THE JURISDICTION OF THE FEDERAL COURTS.

SECTION 1. JUDICIAL POWER.

GORDON v. UNITED STATES.

SUPREME COURT OF THE UNITED STATES. 1865.

2 Wallace, 561; 117 United States, 697.

Appeal from the Court of Claims.

[Gordon, administrator of Fisher, presented a petition to the Court of Claims of the United States for damage done by United States troops in the War of 1812. The Court of Claims decided against him and he appealed to the Supreme Court which dismissed his appeal for want of jurisdiction. After the adjournment of the Court, Mr. Chief Justice Taney had prepared an opinion on the question of jurisdiction which he delivered to the clerk for submission to the judges when they should reassemble in December. Before they met, the Chief Justice died. This paper was carefully considered by the judges and it was proposed to make it the basis of the court's opinion in the case. No such opinion however was ever prepared, and this paper remained unpublished until 1886. While it was never formally accepted as the opinion of the Court, it has frequently been cited with approval in later cases.]

MR. CHIEF JUSTICE TANEY.

This case comes before the court upon appeal from the judg ment of the Court of Claims. The appeal is taken under the act of March 3, 1863, entitled "An Act to amend an Act to establish a court for the investigation of claims against the United States."

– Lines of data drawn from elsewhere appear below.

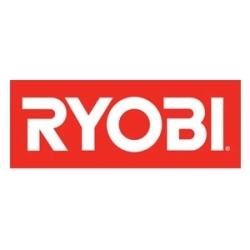RYOBI
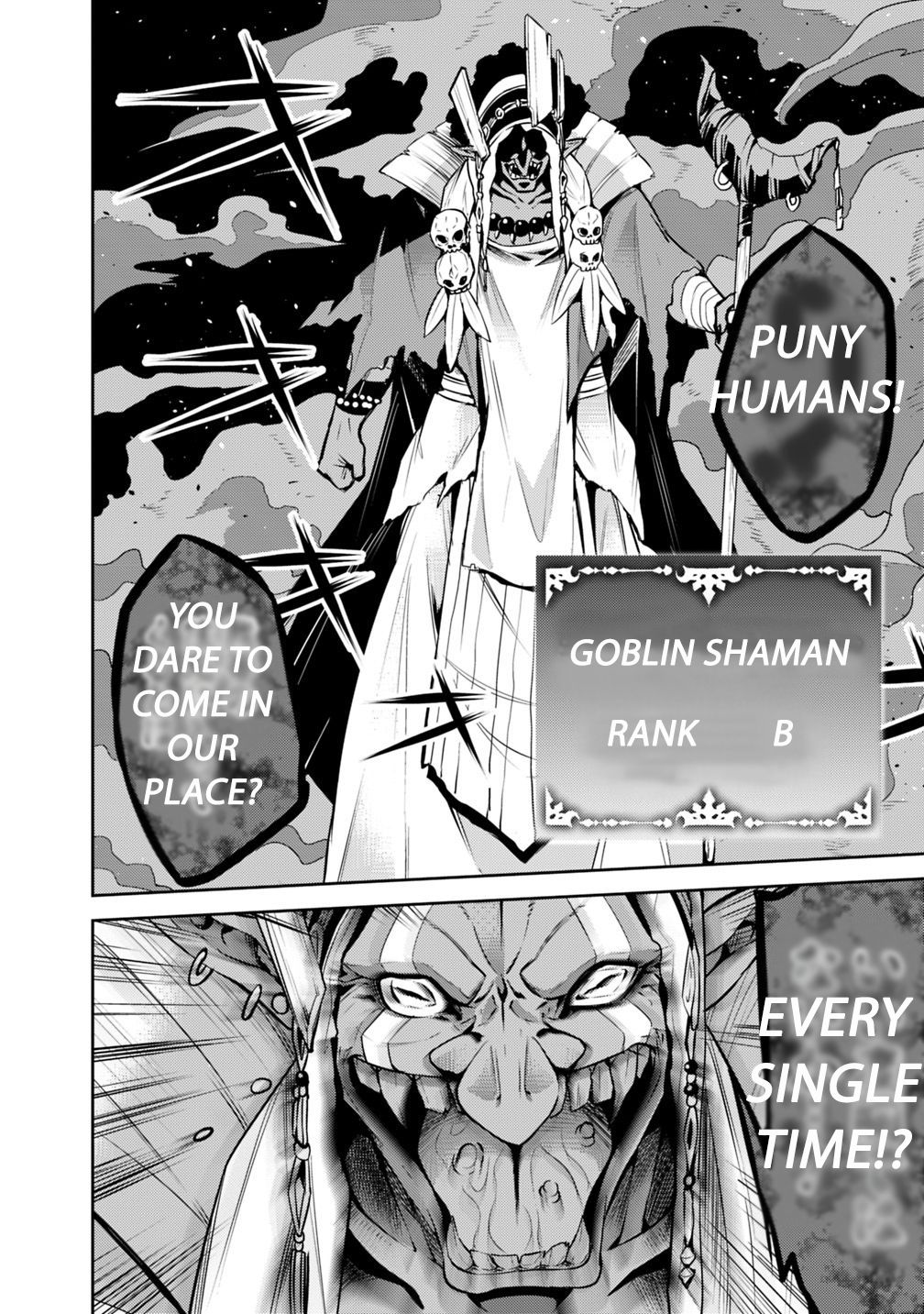 Page 11 of Chapter 25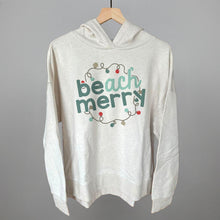 Load image into Gallery viewer, Beach Merry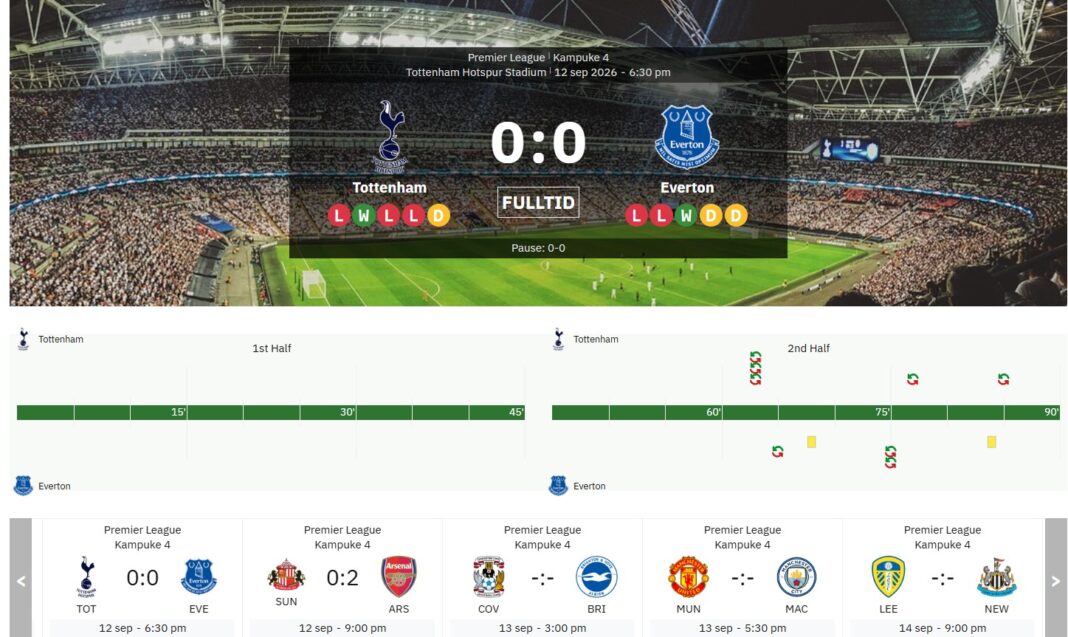 Tott-Ev.jpg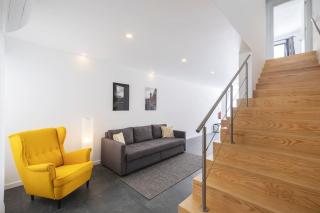 Magma House - Ponta Delgada - 9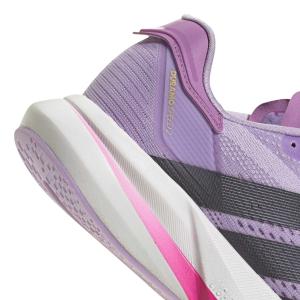 product/a/d/adidas_js4421_9_footwear_photography_detail_view_2_white-nw091725.jpg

It will be seen by the sections above quoted that the claimant whose claim has been allowed by the Court of Claims, or upon appeal by the Supreme Court, is to be paid out of any general appropriation made by law for the payment and satisfaction of private claims: but no payment of any such claim is to be made

until the claim allowed has been estimated for by the Secretary of the Treasury, and Congress, upon such estimate, shall make an appropriation for its payment. Neither the Court of Claims, nor the Supreme Court can do anything more than certify their opinion to the Secretary of the Treasury, and it depends upon him, in the first place, to decide whether he will include it in his estimates of private claims, and if he should decide in favor of the claimant, it will then rest with Congress to determine whether they will or will not make an appropriation for its payment. Neither court can by any process enforce its judgment; and whether it is paid or not, does not depend upon the decision of either court, but upon the future action of the Secretary of the Treasury, and of Congress.

So far as the Court of Claims is concerned we see no objection to the provisions of this law. Congress may undoubtedly establish tribunals with special powers to examine testimony and decide, in the first instance, upon the validity and justice of any claim for money against the United States, subject to the supervision and control of Congress, or a head of any of the Executive Departments.

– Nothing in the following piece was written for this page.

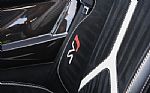 2021 Aventador SVJ Thumbnail 66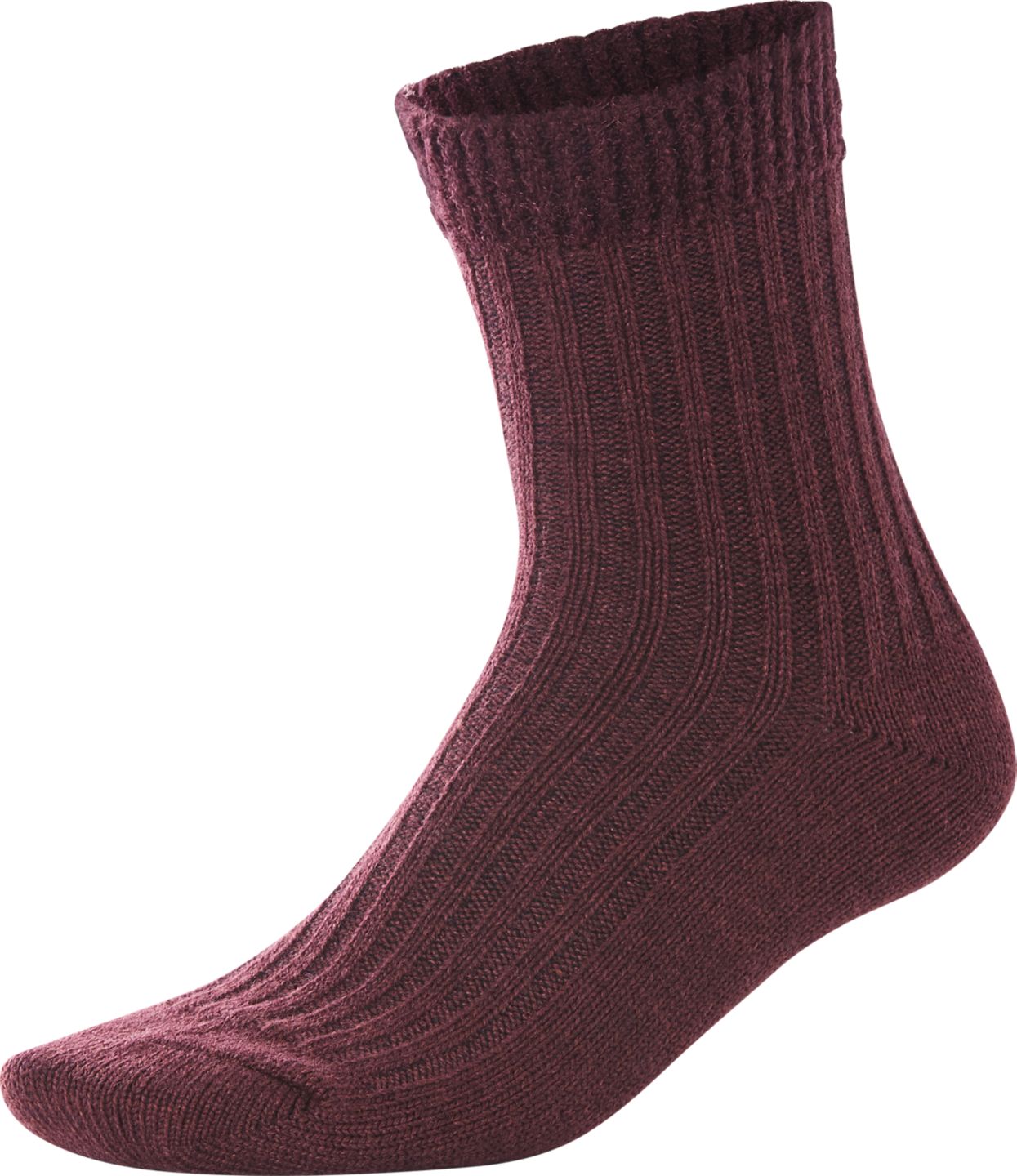 ESMARA Ženske čarape
MPC 10.09.2026=3,49€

But whether this Court can be required or authorized to hear an appeal from such a tribunal, and give an opinion upon it without the power of pronouncing a judgment, and issuing the appropriate judicial process to carry it into effect, is a very different question, and rests on principles altogether different. The Supreme Court does not owe its existence or its powers to the Legislative Department of the government. It is created by the Constitution, and represents one of the three great divisions of power in the Government of the United States, to each of which the Constitution has assigned its appropriate duties and powers, and made each independent of the other in performing its appropriate functions. The power conferred on this court is exclusively judicial, and it cannot be required or authorized to exercise any other.

The 3rd Article of the Constitution, Section 1, provides that "the judicial power of the United States shall be vested in one Supreme Court, and in such inferior courts as the Congress may from time to time ordain and establish." And the last clause of the same article, after giving this court original jurisdiction in the cases therein specified, provides that in all cases "the Supreme Court shall have appellate jurisdiction, both as

to law and fact, with such exceptions and under such regulations as the Congress shall make."

The existence of this Court is, therefore, as essential to the organization of the government established by the Constitution as the election of a president or members of Congress. It is the tribunal which is ultimately to decide all judicial questions confided to the Government of the United States. No appeal is given from its decisions, nor any power given to the legislative or executive departments to interfere with its judgments or process of execution. Its jurisdiction and powers and duties being defined in the organic law of the government, and being all strictly judicial, Congress cannot require or authorize the court to exercise any other jurisdiction or power, or perform any other duty. Chancellor Kent says: "The judicial power of the United States is in point of origin and title equal with the other powers of the government, and is as exclusively vested in the court created by or pursuant to the Constitution, as the legislative power is vested in Congress, or the executive power in the President." 1 Kent Com. 290-291, 6th ed. See also Story Const., pp. 449-450.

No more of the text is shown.